Exxon makes major bet on Brazil as Petrobras eases its grip
RIO DE JANEIRO and HOUSTON (Bloomberg) -- In a single year, Exxon Mobil has gone from being a tiny bit player in Brazil to the second-largest holder of oil exploration acreage, trailing only state-controlled Petroleo Brasileiro.
The last 24 concessions the U.S. giant bought with its partners may hold 41 billion bbl, based on preliminary studies, according to Eliane Petersohn, a superintendent at Brazil’s National Petroleum Agency, or ANP. While the existence of the oil still needs to be confirmed, along with whether its extraction will be cost-effective, it’s a huge figure -- almost double Exxon’s current reserves.

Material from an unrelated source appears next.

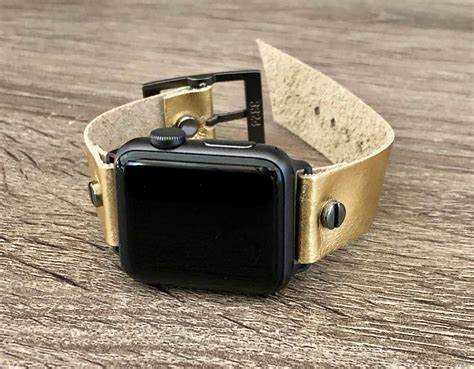 Black and gold apple watch band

“When you do the cumulative effect of all of those multibillion-bbl targets, then you come up with quite a material resource out there that has the capability to produce at very large volumes,” Stephen Greenlee, Exxon’s president of exploration, said in an interview in Houston on Wednesday.
The world’s largest publicly traded oil producer is betting Brazil will be at least part of the solution to its long-term challenges. Exxon’s stock has underperformed other major’s over the past five years due poor returns on historic investments, and production has declined year over year in eight of the past nine quarters.

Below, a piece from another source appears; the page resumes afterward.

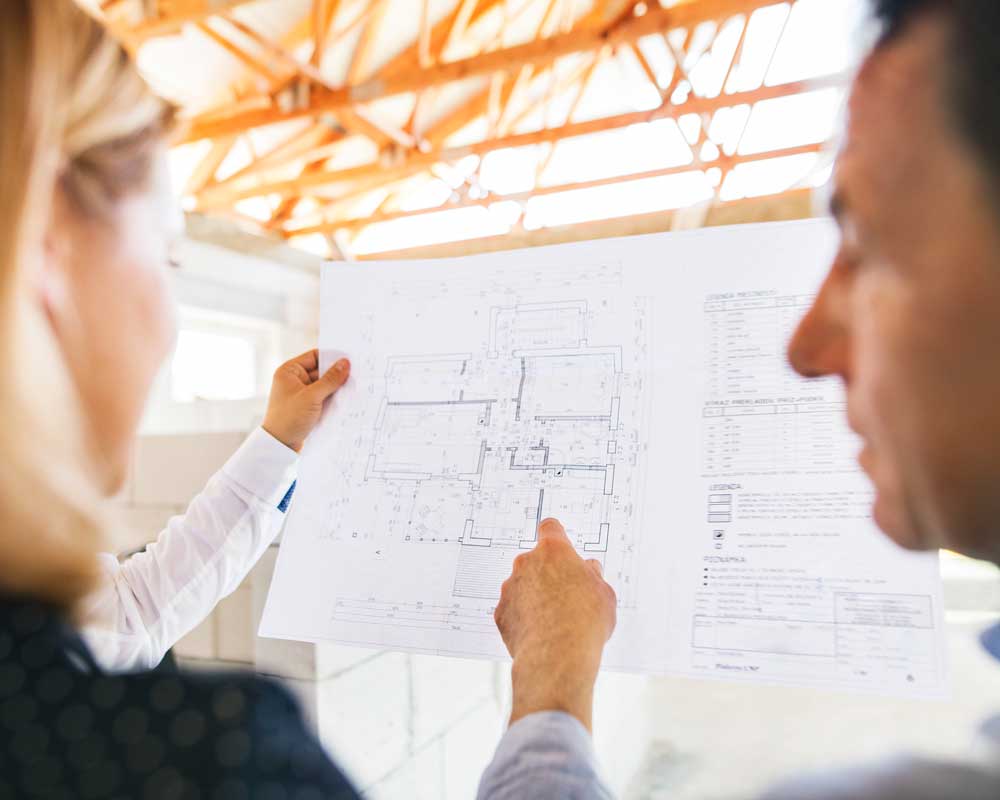 Two architects in a new building being built looking at their design and discussing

"Brazil is the world’s leading exploration play with ‘yet-to-find’ potential," said Tom Ellacott, a Madrid-based analyst for Wood Mackenzie. "There are only so many geographies that offer you the scale and low break-even price to compete if oil prices fall and are persistently low. Brazil is one of those."
Brazilian Oil Exploratory Areas
Exxon’s meteoric rise in Brazil started in 2016 after the impeachment of then-president Dilma Rousseff. Under her left-wing government, the company held just two idle blocks in Brazil. Rousseff’s ouster ushered in policy changes, a shift that deepened after her Workers’ Party lost ground in Congress, and as the next president, Michel Temer, scrapped nationalistic laws and auctioned off exploration rights. Exxon overtook Royal Dutch Shell, Total and Equinor in exploration acreage in a matter of months during the record offering of new blocks.

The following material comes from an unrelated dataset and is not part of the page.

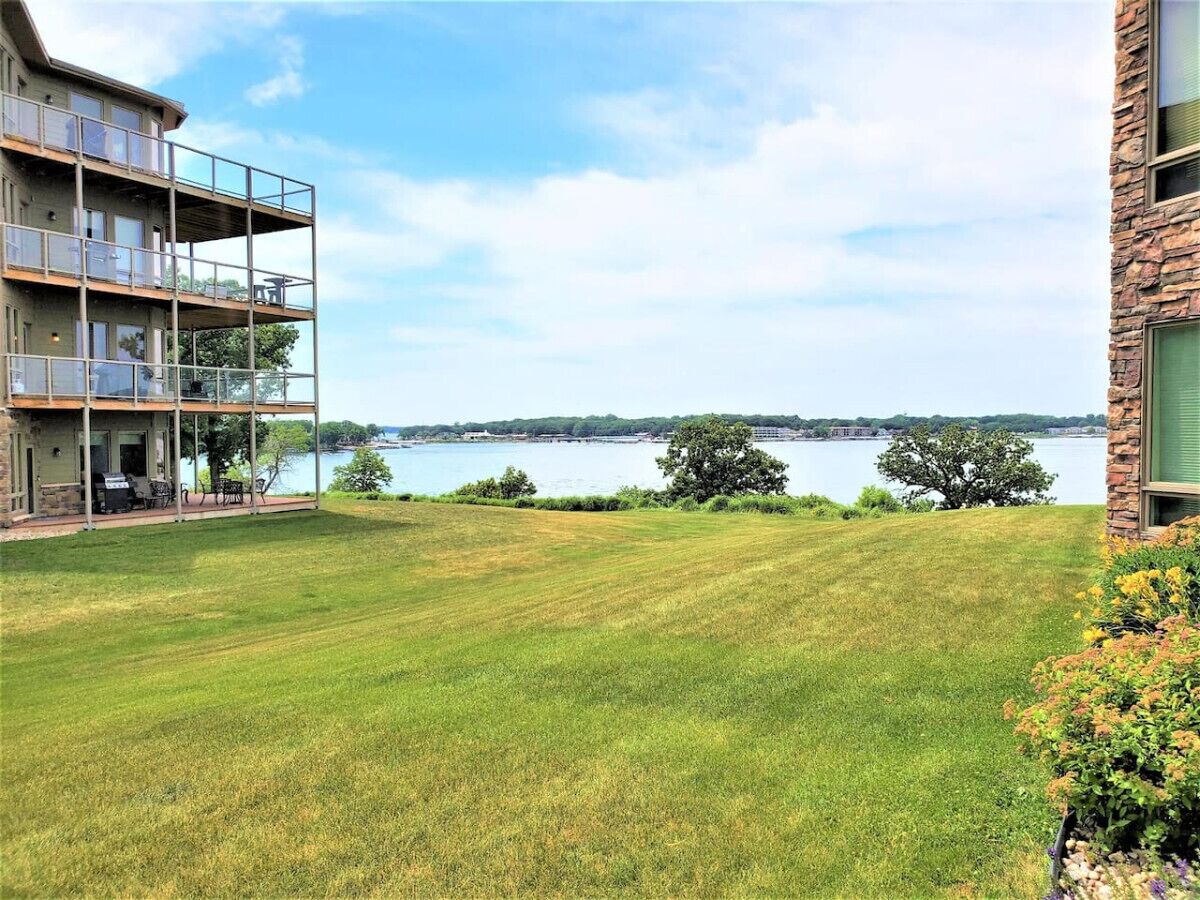 A residential property with a grassy lawn, a balcony with outdoor furniture, and a view of a body of water.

The friendly environment for the major’s is expected to continue if far-right congressman Jair Bolsonaro is elected president, an outcome that looks more likely after his surprisingly strong showing in the first round of polling on Oct. 7. His selection would reduce any risks of a policy reversal, according to most observers, even though the candidate hasn’t spelled out his economic policies in detail.
Whatever the political climate, “Brazil has had a really good track record of honoring their contracts as they go forward,” Greenlee said. “Sticking with the contracts gives us the ability to invest.”
The Irving, Texas-based company is betting big in particular on Brazil’s offshore, where a single block is currently producing more than all of Colombia and profitability compares to the best U.S. tight oil, according to Decio Oddone, the head of ANP.
Brazil has surpassed Mexico and Venezuela to become Latin America’s biggest producer and has been a major source of non-OPEC production growth in recent years. Daily output is currently 2.5 MMbpd, and Oddone estimates that will rise to 5.5 million by 2027.
At the same time, spending constraints have prompted Petrobras to forgo its dominance in the so-called pre-salt, the oil deposits trapped under a thick layer of salt deep in the Atlantic seabed. The pre-salt has become too big for a single company to produce, Oddone said. That offers well-funded majors like Exxon an opportunity.
Before the recent investments, "pre-salt Brazil was probably the biggest gap in Exxon’s portfolio,” Ellacott said. With its mammoth resources, the South American country offers some relief for the company, albeit over the long-term. Of Exxon’s five major projects over the next decade, Brazil probably has the longest ramp-up to peak production, but it also offers the most potential, according to Ellacott.
Greenlee cautioned that most of Exxon’s Brazilian area has “yet to be discovered” and exploration carries “significant risk.” Given the amount of drilling that still needs to be done, the first oil from its concessions isn’t expected until the late 2020s, he said. The first exploration wells will be drilled in blocks operated by Petrobras next year and Exxon will add some wells from 2020 once its environmental permits are approved, he said.
It should take six to eight years for oil to start flowing if economically viable deposits are discovered, according to ANP.
While the oil majors race to secure pre-salt stakes, Petrobras’s share of Brazilian oil output has been steadily falling -- it was 72% in August, versus 93% in 2010. Petrobras has sold off areas already in production to help lower its debt load.
“Brazil has the capacity and geological potential to have three or four Petrobras operating,” Petersohn said.